▸ **RECORDED INFORMATION**:
☆ ☆ ☆ ☆ ☆
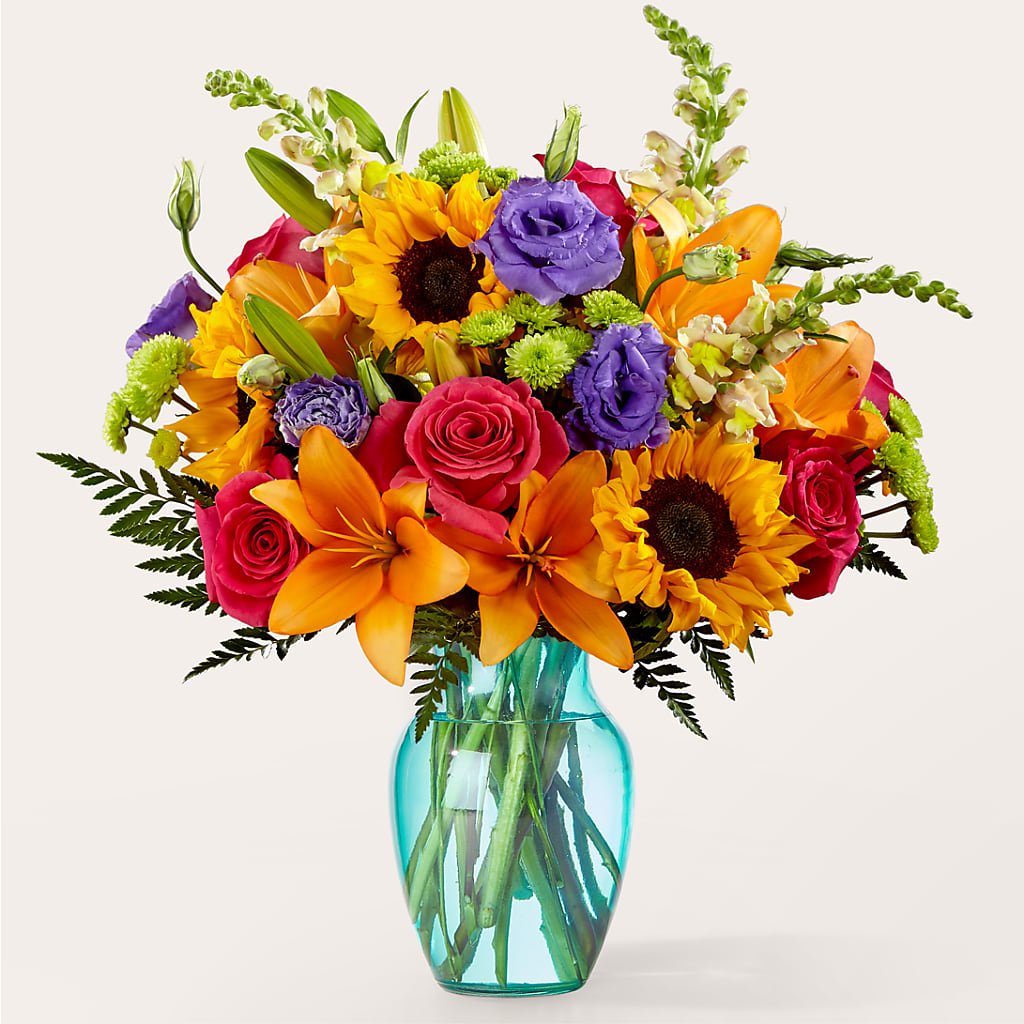 Double Rainbow Bouquet – Flowerland, Sioux City IA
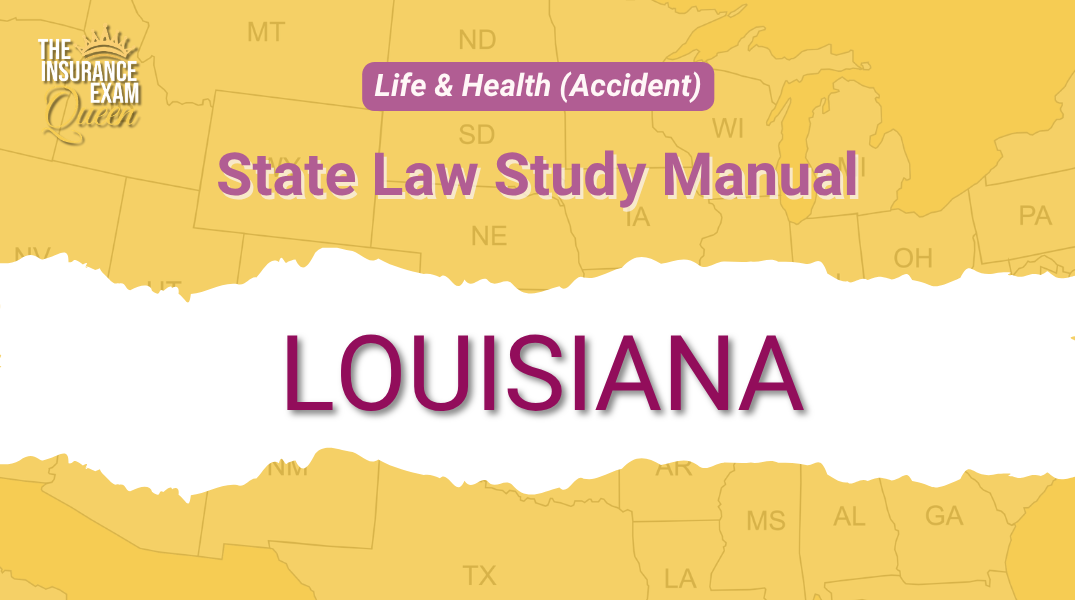 Louisiana (LA) - State Law Study Manual for Life & Health (Accident)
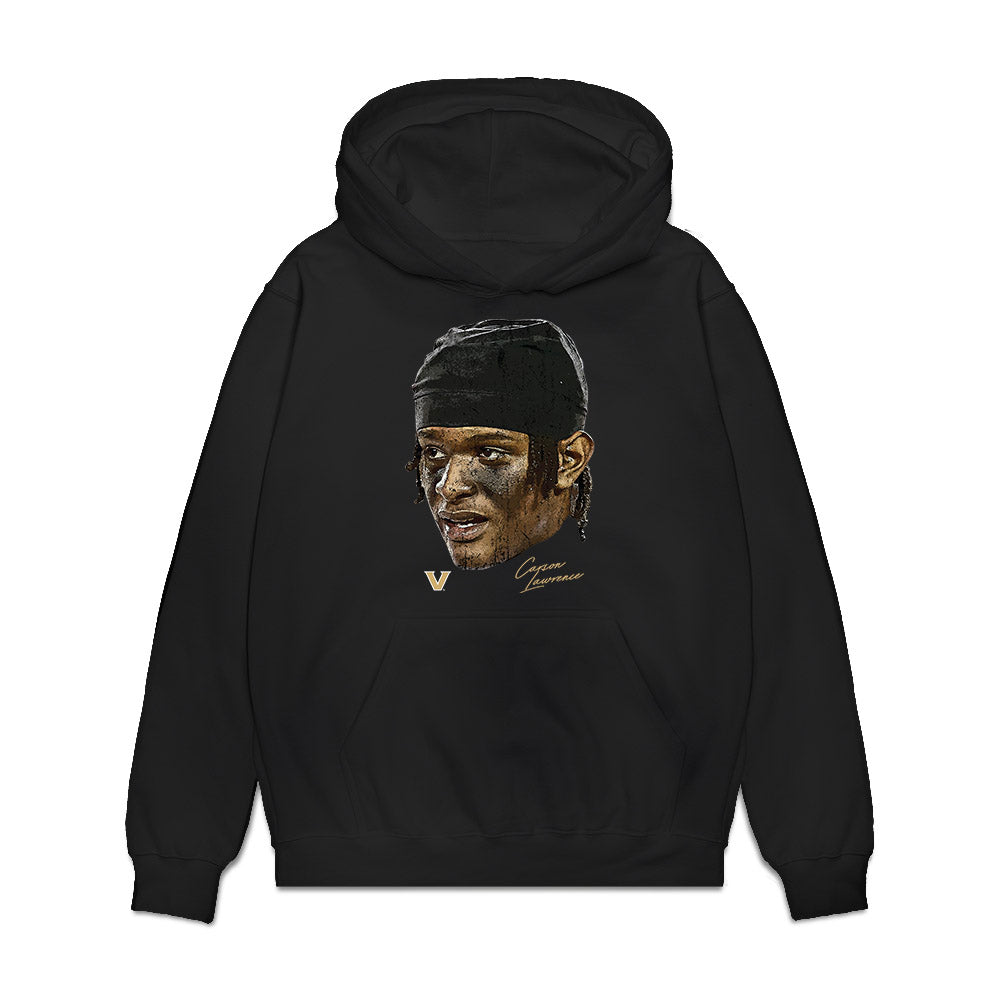 Vanderbilt - NCAA Football : Carson Lawrence - Game Face Premium Hooded Sweatshirt-0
☆ ☆ ☆ ☆ ☆
▸ **WHAT TO PRODUCE**: In the listing above, transcribe exactly the lines from the line containing "Louisiana (LA) - State" through the last one, both included, but not the pictures.

▸ **TASK RESULT**:
 Louisiana (LA) - State Law Study Manual for Life & Health (Accident)
 Vanderbilt - NCAA Football : Carson Lawrence - Game Face Premium Hooded Sweatshirt-0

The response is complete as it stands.